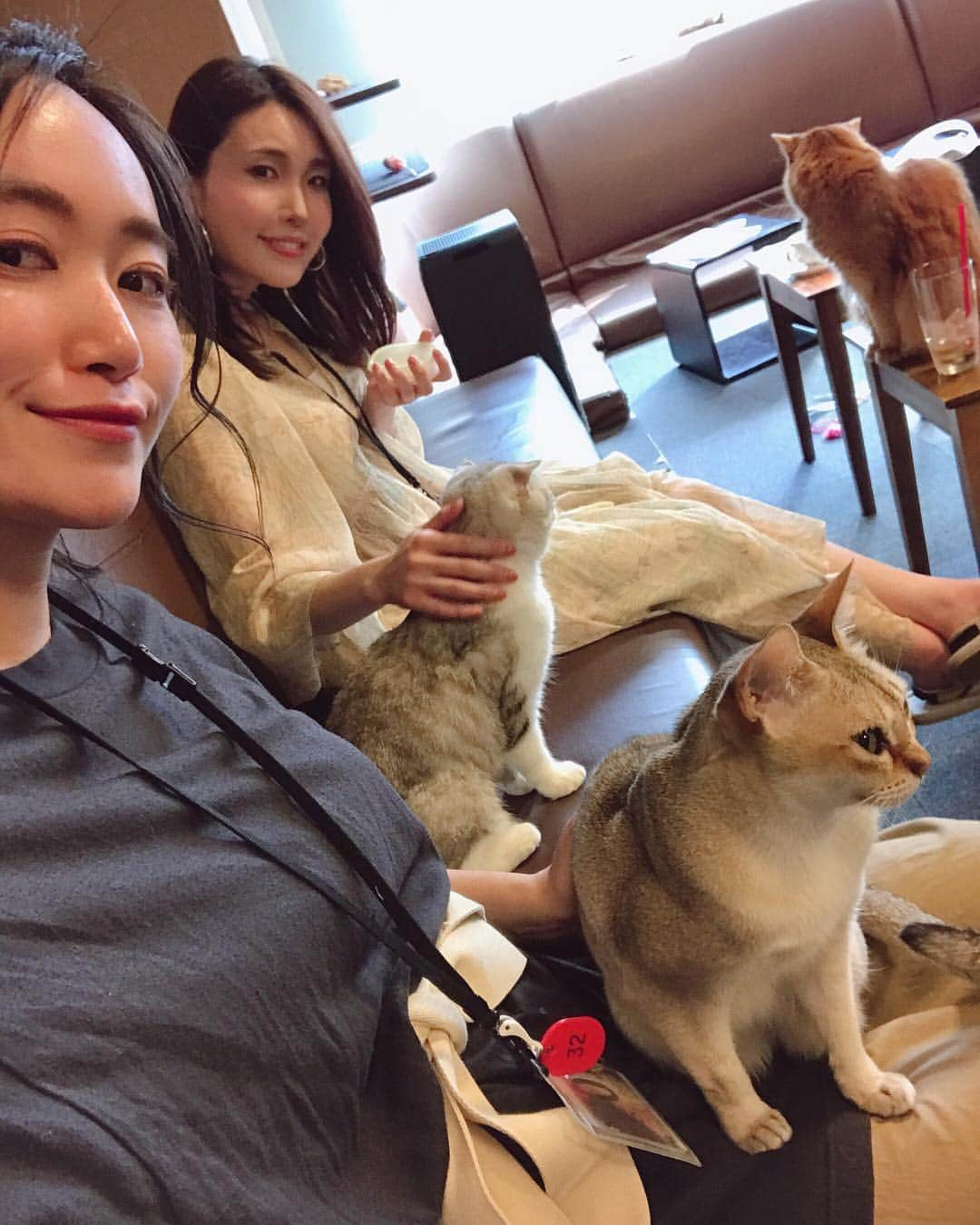 江守沙矢さんのインスタグラム写真 - (江守沙矢Instagram)「きのうの 定期的に癒しにをもらいに猫カフェに出かける #モフ活 . .  たくさんのニャンコに囲まれて天国のような時間だった。 いつも猫がのびのびしていて本当にいいところだ . . . トトさんもいいけど猫はまた別のα派出てると思う . . .  #猫カフェ #モフ活 #保護猫カフェ #きゃりこ ＃猫 #ネコ #cat #保護猫 #猫天国 #もふもふ」4月24日 13時39分 - saya_emori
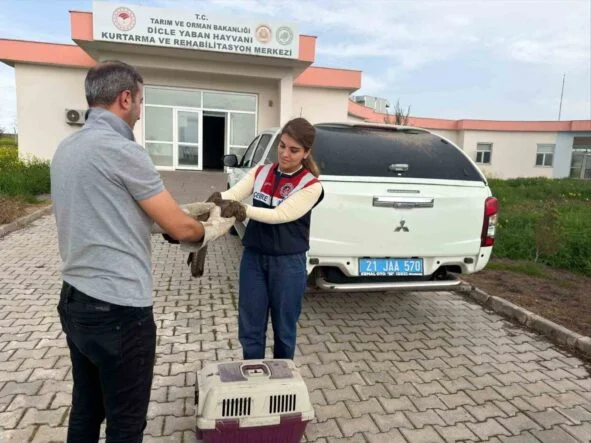 DİYARBAKIR'DA YARALI BULUNAN ŞAHİN TEDAVİ ALTINA ALINDI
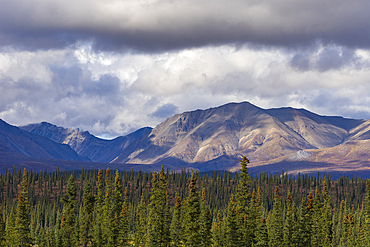 Scenic view of forest and mountains, Denali National Park and Preserve, Alaska, United States of America, North America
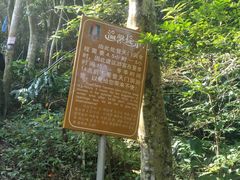 -福建天门山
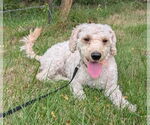 Small #1 Maltipoo
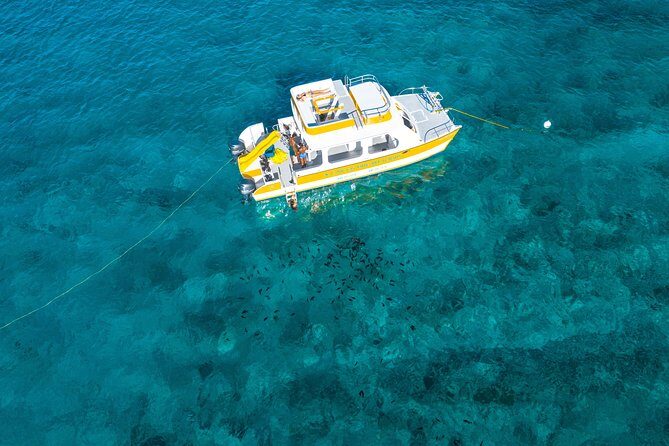 Half Day Private Boat Charter at Grace Bay, Providenciales - Who Will Love This Tour?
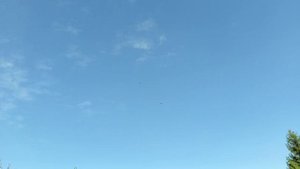 леушковские молодёж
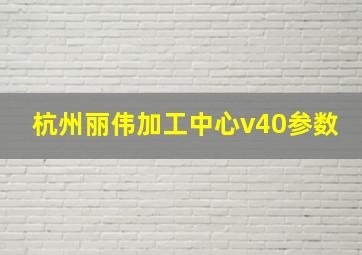 杭州丽伟加工中心v40参数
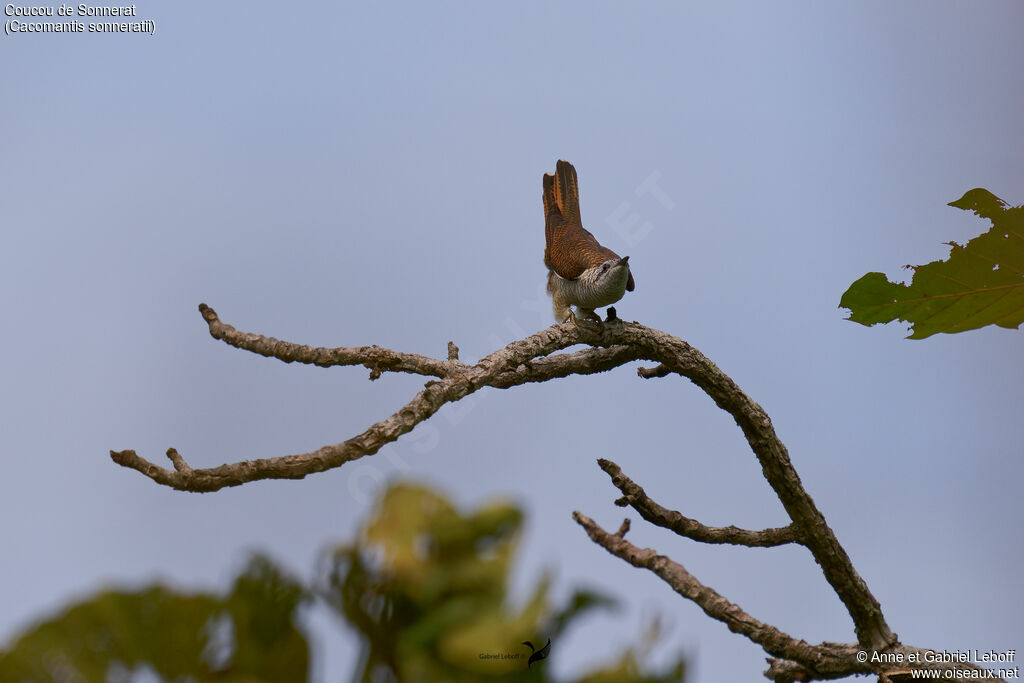 Banded Bay Cuckoo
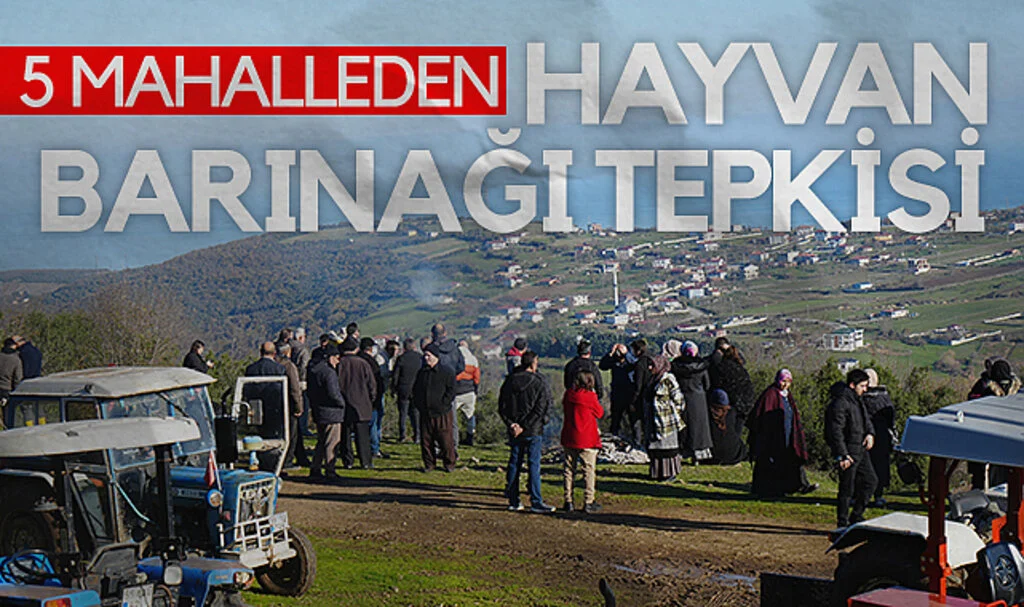 Samsun'da 5 Mahalleden Hayvan Barınağı Tepkisi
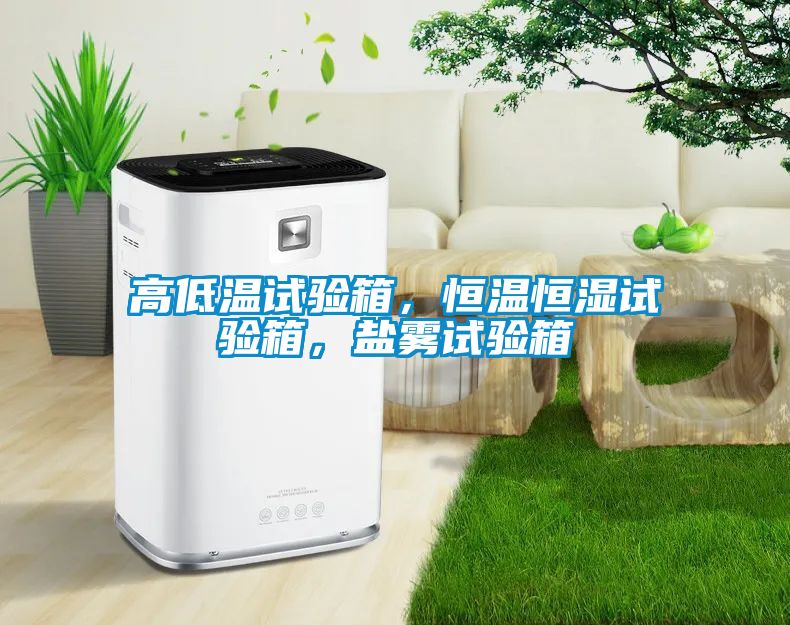 高低溫試驗箱，恒溫恒濕試驗箱，鹽霧試驗箱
####
About this exercise >> Set down every entry above exactly as written, but skip the pictures.

Solution for this problem >>
 江守沙矢さんのインスタグラム写真 - (江守沙矢Instagram)「きのうの 定期的に癒しにをもらいに猫カフェに出かける #モフ活 . .  たくさんのニャンコに囲まれて天国のような時間だった。 いつも猫がのびのびしていて本当にいいところだ . . . トトさんもいいけど猫はまた別のα派出てると思う . . .  #猫カフェ #モフ活 #保護猫カフェ #きゃりこ ＃猫 #ネコ #cat #保護猫 #猫天国 #もふもふ」4月24日 13時39分 - saya_emori
 DİYARBAKIR'DA YARALI BULUNAN ŞAHİN TEDAVİ ALTINA ALINDI
 Scenic view of forest and mountains, Denali National Park and Preserve, Alaska, United States of America, North America
 -福建天门山
 Small #1 Maltipoo
 Half Day Private Boat Charter at Grace Bay, Providenciales - Who Will Love This Tour?
 леушковские молодёж
 杭州丽伟加工中心v40参数
 Banded Bay Cuckoo
 Samsun'da 5 Mahalleden Hayvan Barınağı Tepkisi
 高低溫試驗箱，恒溫恒濕試驗箱，鹽霧試驗箱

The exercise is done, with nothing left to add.